Income from 3rd investment of Rs z

$=\operatorname{Rs} \frac{15z}{100}=0.15 z$

\begin{aligned} &\therefore \text { Total annual income }=\operatorname{Rs}(0.1 x+0.12 y+0.15 z)\\ &0.1 x+0.12 y+0.15 z=1310 \end{aligned}

Its given that the combined income from the first two income is Rs190 short of the income from the third.

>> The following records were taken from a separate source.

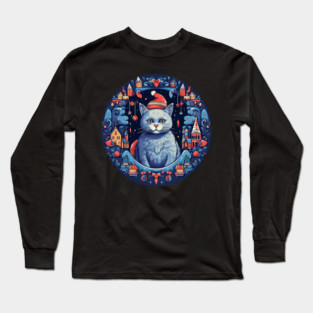 Russian Blue Cat Xmas, Love Cats Long Sleeve T-Shirt
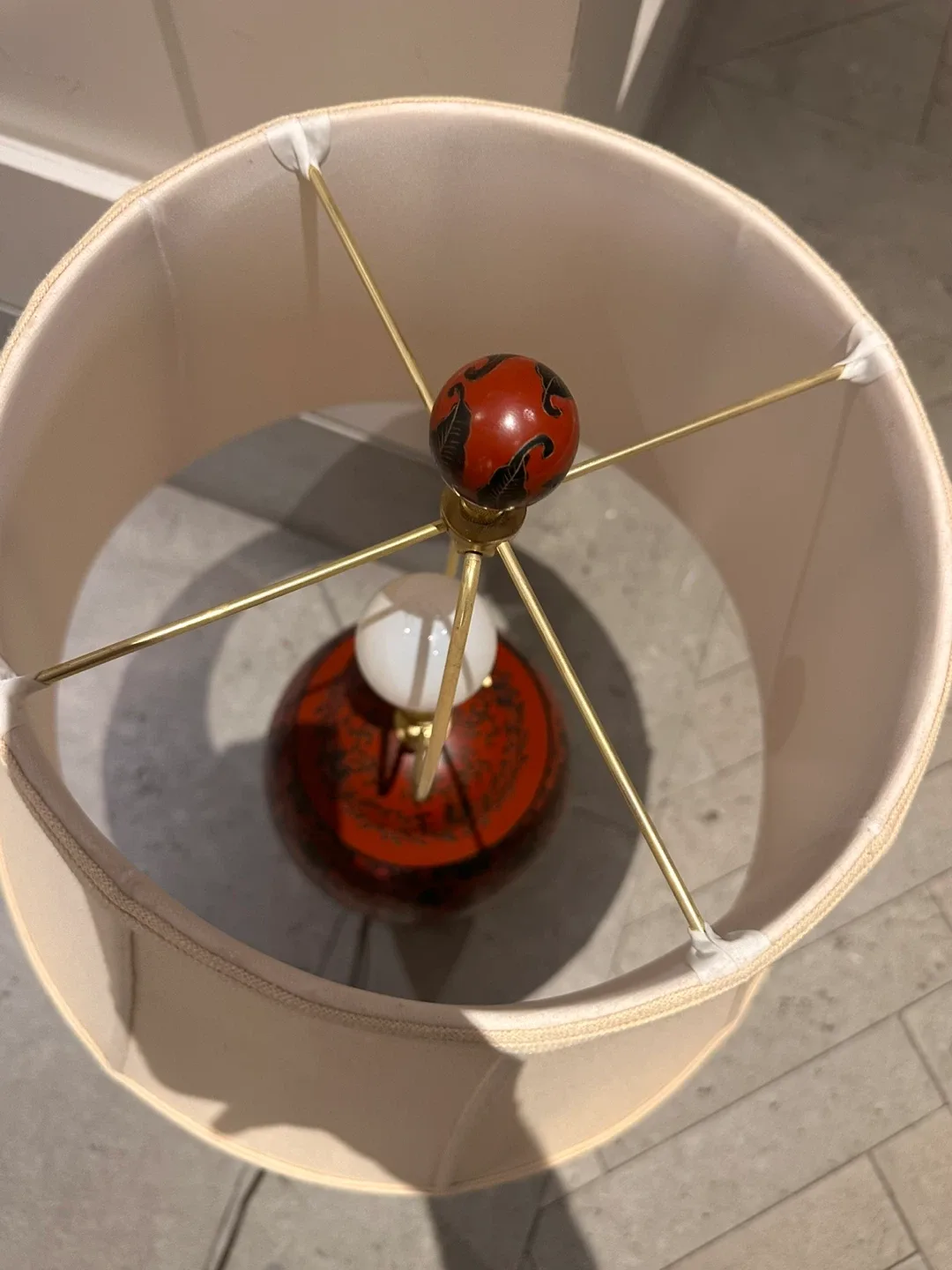 Pair Cinnabar Lamps - Chinese Composite Table Lamps image indicator(3)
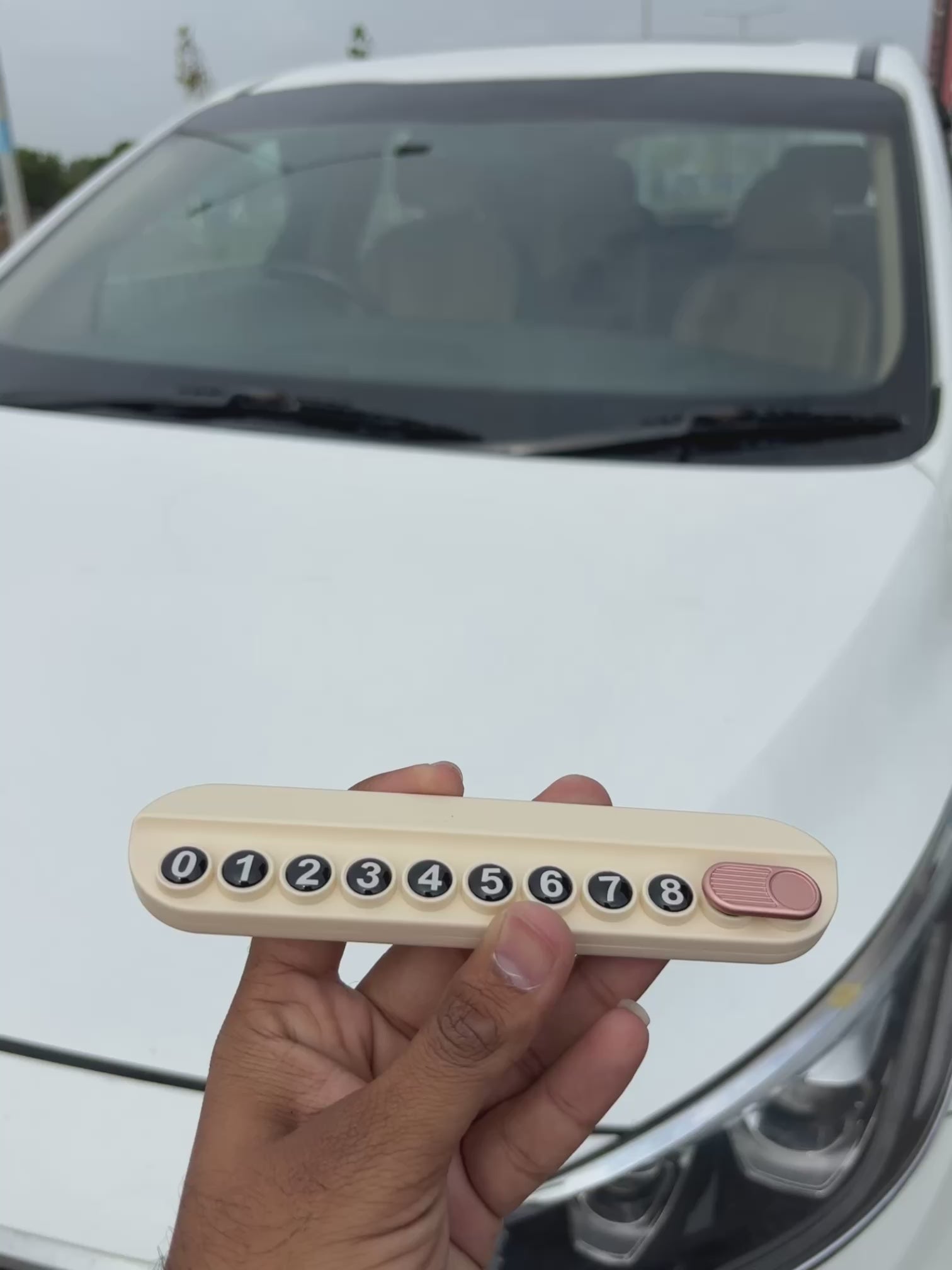 Temporary Car Parking Contact Number Display With Air Fragrance Facility Cream Color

\begin{aligned} &0.1 x+0.12 y+0.15 z=190 \\ &-0.1 x-0.12 y+0.15 z=190 \\ &\text { Thus, } x+y+z=10000 \\ &0.1 x+0.12 y+0.15 z=1310 \\ &-0.1 x-0.12 y+0.15 z=190 \end{aligned}

\begin{aligned} &{\left[\begin{array}{ccc} 1 & 1 & 1 \\ 0.1 & 0.12 & 0.15 \\ -0.1 & -0.12 & 0.15 \end{array}\right]\left[\begin{array}{c} x \\ y \\ z \end{array}\right]=\left[\begin{array}{c} 10000 \\ 1310 \\ 190 \end{array}\right]} \\ &A X=B \\ &A=\left[\begin{array}{ccc} 1 & 1 & 1 \\ 0.1 & 0.12 & 0.15 \\ -0.1 & -0.12 & 0.15 \end{array}\right] \end{aligned}

\begin{aligned} &|A|=1(0.15 \times 0.12+0.15 \times 0.12)-1(0.15 \times 0.1+0.15 \times 0.1)+1(-0.1 \times 0.12+0.12 \times 0.1) \\ &|A|=0.036-0.0370 \\ &|A|=0.006 \end{aligned}

Let i,j be the cofactors of the elements

\begin{aligned} &a_{i j} \text { in } A=\left[a_{i j}\right] \\ &c_{11}=(-1)^{1+1}\left|\begin{array}{cc} 0.12 & 0.15 \\ -0.12 & 0.15 \end{array}\right|=0.036, c_{12}=(-1)^{1+2}\left|\begin{array}{cc} 0.1 & 0.15 \\ -0.1 & 0.15 \end{array}\right|=-0.036 \\ &c_{21}=(-1)^{2+1}\left|\begin{array}{cc} 1 & 1 \\ -0.12 & 0.15 \end{array}\right|=-0.27, c_{22}=(-1)^{2+2}\left|\begin{array}{cc} 1 & 1 \\ -0.1 & 0.15 \end{array}\right|=0.25 \end{aligned}

\begin{aligned} &c_{31}=(-1)^{3+1}\left|\begin{array}{cc} 1 & 1 \\ 0.12 & 0.15 \end{array}\right|=0.3, c_{32}=(-1)^{3+2}\left|\begin{array}{cc} 1 & 1 \\ 0.1 & 0.15 \end{array}\right|=-0.05 \\ &c_{13}=(-1)^{1+3}\left|\begin{array}{cc} 1 & 0.12 \\ -0.1 & -0.12 \end{array}\right|=0, c_{23}=(-1)^{2+3}\left|\begin{array}{cc} 1 & 1 \\ -0.1 & -0.12 \end{array}\right|=0.02 \\ &c_{33}=(-1)^{3+3}\left|\begin{array}{cc} 1 & 1 \\ 0.1 & 0.12 \end{array}\right|=0.02 \end{aligned}

\begin{aligned} &a d j A=\left[\begin{array}{ccc} 0.036 & -0.03 & 0 \\ -0.27 & 0.25 & 0.02 \\ 0.03 & -0.05 & 0.02 \end{array}\right]^{T} \\ &=\left[\begin{array}{ccc} 0.036 & -0.27 & 0.03 \\ -0.03 & 0.25 & -0.05 \\ 0 & 0.02 & 0.02 \end{array}\right] \end{aligned}

\begin{aligned} &A^{-1}=\frac{1}{|A|} a d j A \\ &=\frac{1}{0.006}\left[\begin{array}{ccc} 0.036 & -0.27 & 0.03 \\ -0.03 & 0.25 & -0.05 \\ 0 & 0.02 & 0.02 \end{array}\right] \\ &X=A^{-1} B \end{aligned}

\begin{aligned} &X=\left[\begin{array}{ccc} 0.036 & -0.27 & 0.03 \\ -0.03 & 0.25 & -0.05 \\ 0 & 0.02 & 0.02 \end{array}\right]\left[\begin{array}{c} 10000 \\ 1310 \\ 190 \end{array}\right] \\ &=\frac{1}{0.006}\left[\begin{array}{c} 360-353.7+5.7 \\ -300+327.5-9.5 \\ 0+26.2+3.8 \end{array}\right] \end{aligned}

\begin{aligned} &{\left[\begin{array}{l} x \\ y \\ z \end{array}\right]=\frac{1000}{6}\left[\begin{array}{l} 12 \\ 18 \\ 30 \end{array}\right]=\left[\begin{array}{c} 2000 \\ 3000 \\ 5000 \end{array}\right]} \\ &x=2000, y={{3000}, z=5000} \end{aligned}

Thus the three investments are of Rs 2000, Rs.3000, Rs 5000.